Growing liver cells (hepatocytes) in the laboratory was apparently next to impossible. But in the current study, investigators seemingly demonstrate the way of creating diseased liver-like cells from patients suffering from a variety of liver disorders. In this procedure, the organ’s cells were replicated by the scientists to investigate the diseased cell in detail and further determine precise therapies to treat these conditions. The results can possibly enlighten several treatments for specific individuals and eventually help ascertain cell-based therapy. Such a cell-based therapy can be employed when cells from patients with genetic diseases are ‘cured’ and transplanted back.
Dr Ludovic Vallier of the MRC Centre for Stem Cell Biology and Regenerative Medicine, University of Cambridge, principal investigator of the research, shared, “Our work represents an important step towards delivering the clinical promises of stem cells. However, more work remains to be done and our group is dedicated to achieving this ultimate goal by increasing the knowledge necessary for the development of new therapies.”
Experts believe that the process can also be put to use for developing model cells from other parts of the body. If that is possible then investigators can determine accurate treatments for disorders of other organs also. Liver disease has supposedly been the fifth largest cause of death in the UK. A six time elevation in mortality from liver disease in young and middle-aged people has been reported over the past 30 years. At the same time, the number of individuals unable to survive from the disease is apparently increasing at a rate of 8-10 percent annually. It has been estimated that liver disease causes over 25,000 deaths every year in the United States.
Dr Tamir Rashid of the Laboratory for Regenerative Medicine, University of Cambridge, lead author of the paper, said, “We know that given the shortage of donor liver organs alternative strategies must urgently be sought. Our study improves the possibility that such alternatives will be found – either using new drugs or a cell-based therapeutic approach.”

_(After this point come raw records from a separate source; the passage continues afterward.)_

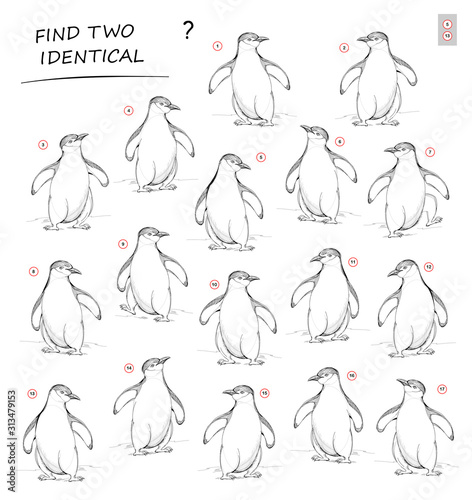 Logic puzzle game for children and adults. Need to find two identical penguins. Printable page for kids brain teaser book. Developing spatial thinking skills. IQ test. Hand-drawn vector cartoon image.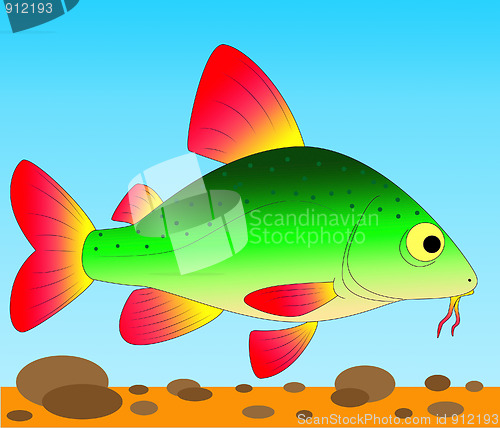 Image of colorful fish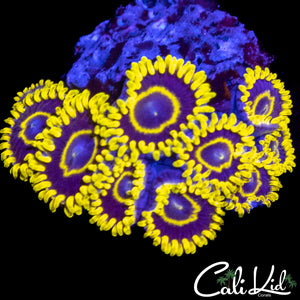 CK Golden Eye Zoa Mini Colony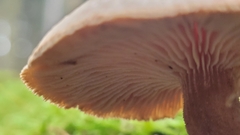 Neolentinus adhaerens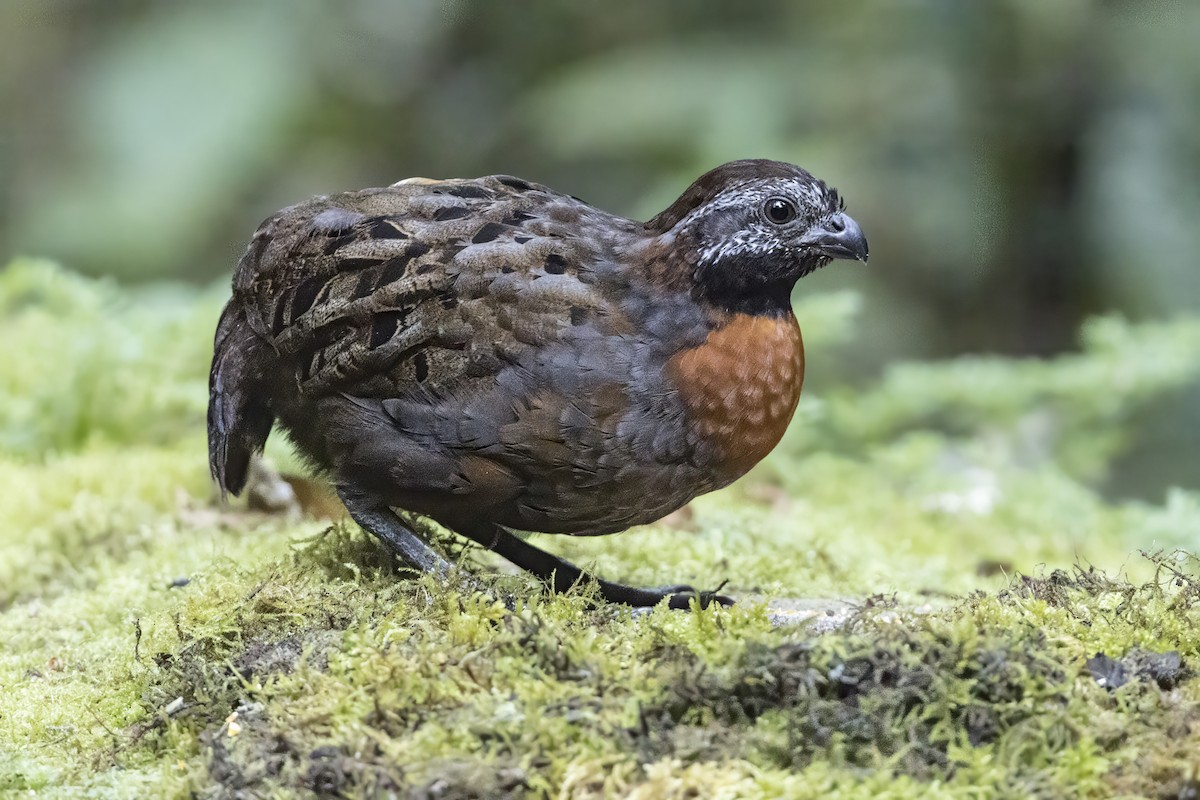 Rufous-breasted Wood-Quail - ML639819077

In the course of the study, experts took skin biopsies from seven patients who suffered from a variety of inherited liver diseases. Skin biopsies were also collected from three healthy individuals who formed the control group. The investigators then reprogrammed cells from the skin samples back into stem cells. The stem cells were further employed to develop liver cells mimicking a broad range of liver diseases.
Professor Mark Thursz, a specialist in liver disease and Professor of Hepatology at Imperial College (who was not affiliated with the study), remarked, “Liver disease is the fifth most common cause of mortality in many developed countries and unlike the other leading causes of death, the rate of liver related mortality is increasing. The development of patient specific liver cell lines from stem cells is a significant advance in the battle against liver diseases. This technology holds promise in the short term by providing new tools to explore the biology of liver diseases and in the long term as a potential source of liver cells for patients with liver failure.”
Claimed to be a novel study, the authors modeled patient-specific liver diseases with the help of stem cells. The biopsies gathered from the control group were used to create ‘healthy’ liver cells. The scientists claimed to have covered a diverse range of pathological mechanisms. So the method can probably prove useful in the application on a wide variety of disorders.
The study was published in The Journal of Clinical Investigation.